[net.bugs.4bsd] awk.lx.l missing \b \r \f \ddd

liberte@uiucdcs.UUCP (04/28/84)
#N:uiucdcs:8200019:000:3684
uiucdcs!liberte    Apr 27 16:14:00 1984

Subject: Awk doesnt allow \b \r \f and \ddd in strings, regular 
	 expressions (except \ddd) or character classes.

Index:	/usr/src/bin/awk/awk.lx.l  4.2BSD

Description:
	According to the awk manual "The version of printf is identical to 
	that used with C".  This seems to indicate that all the escape
	sequences of C should work.  But only \n \t \\ and \" do work.  Thus
	the only way to get a \f is to printf "%c" followed by the code for FF
	which I just now failed to find within 2 minutes.
	
	I subsequently learned that all the escape sequence processing for awk
	is done by lex (similarly for C) (so you can forget about trying to 
	print "\\" "n").  In the interest of compatibility with C, I added
	the missing code.  I also fixed some other inconsistencies:
	  1) \ddd  fixed to allow 1, 2 or 3 octal digits only.
		(awk requires 3 digits and allows digits 8 or 9)
	  2) \. will ignore \ if . is not recognized.
		(awk does not ignore \ except in regular expressions)

Repeat-By:
	Try this awk program:
	  /\ignore[\d]/	{ print "\ignored \\"}
	  /\\/		{ print "formfeed\fbackspace\bcarriage return\r\""}
	  /\10/		{ print "not back space( \010), but \10"}
	  /[\010\t\7]/	{ print "back space, tab or bell\7" }

Fix:
	In the following changes to awk.lx.l, *** is the original.  I fixed
	the diff output so it is easier to read, so the line numbers are gone.
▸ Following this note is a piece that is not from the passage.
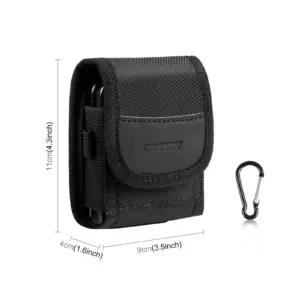 S936284a2351347e6b5f80b2e053b5e56I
*** /tmp/,RCSt1002731	Sat Apr 21 20:11:09 1984
--- awk.lx.l	Sat Apr 21 20:09:44 1984
***************
*** 24,29
  A	[a-zA-Z_]
  B	[a-zA-Z0-9_]
  D	[0-9]
  WS	[ \t]
  
  %%

--- 25,31 -----
  A	[a-zA-Z_]
  B	[a-zA-Z0-9_]
  D	[0-9]
+ OD	[0-7]
  WS	[ \t]
  
  %%
***************
*** 122...
  <reg>")"	RETURN(')');
  <reg>"^"	RETURN('^');
  <reg>"$"	RETURN('$');
! <reg>\\{D}{D}{D}	{ sscanf(yytext+1, "%o", &yylval); RETURN(CHAR); }
  <reg>\\.	{	if (yytext[1]=='n') yylval = '\n';
  			else if (yytext[1] == 't') yylval = '\t';
  			else yylval = yytext[1];
  			RETURN(CHAR);
  		}

--- ... -----
  <reg>")"	RETURN(')');
  <reg>"^"	RETURN('^');
  <reg>"$"	RETURN('$');
! <reg>\\{OD}{OD}?{OD}?	{ sscanf(yytext+1, "%o", &yylval); RETURN(CHAR); }
  <reg>\\.	{	if (yytext[1]=='n') yylval = '\n';
  			else if (yytext[1] == 't') yylval = '\t';
+ 			else if (yytext[1] == 'b') yylval = '\b';
+ 			else if (yytext[1] == 'r') yylval = '\r';
+ 			else if (yytext[1] == 'f') yylval = '\f';
  			else yylval = yytext[1];
  			RETURN(CHAR);
  		}
***************
*** 137,...
  		yylval = (hack)setsymtab(cbuf, s, 0.0, CON|STR, symtab); RETURN(STRING); }
  <str>\n		{ yyerror("newline in string"); lineno++; BEGIN A; }
  <str>"\\\""	{ cbuf[clen++]='"'; }
  <str,chc>"\\"n	{ cbuf[clen++]='\n'; }
  <str,chc>"\\"t	{ cbuf[clen++]='\t'; }
  <str,chc>"\\\\"	{ cbuf[clen++]='\\'; }
  <str>.		{ CADD; }

--- ... -----
  		yylval = (hack)setsymtab(cbuf, s, 0.0, CON|STR, symtab); RETURN(STRING); }
  <str>\n		{ yyerror("newline in string"); lineno++; BEGIN A; }
  <str>"\\\""	{ cbuf[clen++]='"'; }
+ <str,chc>"\\"{OD}{OD}?{OD}? { sscanf(yytext+1, "%o", &yylval); 
+ 			cbuf[clen++] = (char)yylval; }
  <str,chc>"\\"n	{ cbuf[clen++]='\n'; }
  <str,chc>"\\"t	{ cbuf[clen++]='\t'; }
+ <str,chc>"\\"b	{ cbuf[clen++]='\b'; }
+ <str,chc>"\\"r	{ cbuf[clen++]='\r'; }
+ <str,chc>"\\"f	{ cbuf[clen++]='\f'; }
  <str,chc>"\\\\"	{ cbuf[clen++]='\\'; }
+ <str,chc>"\\".	{ cbuf[clen++]=yytext[1]; }
  <str>.		{ CADD; }
**********************************************************

I had some trouble using:  {OD}{1,3}  instead of  
			   {OD}{OD}?{OD}?  for the <reg> match. 

Any ideas why?


Daniel LaLiberte, U of Illinois, Urbana-Champaign, Computer Science
(uiucdcs!liberte)
{if it's a feature - document it;  if it's a bug - document it or fix it}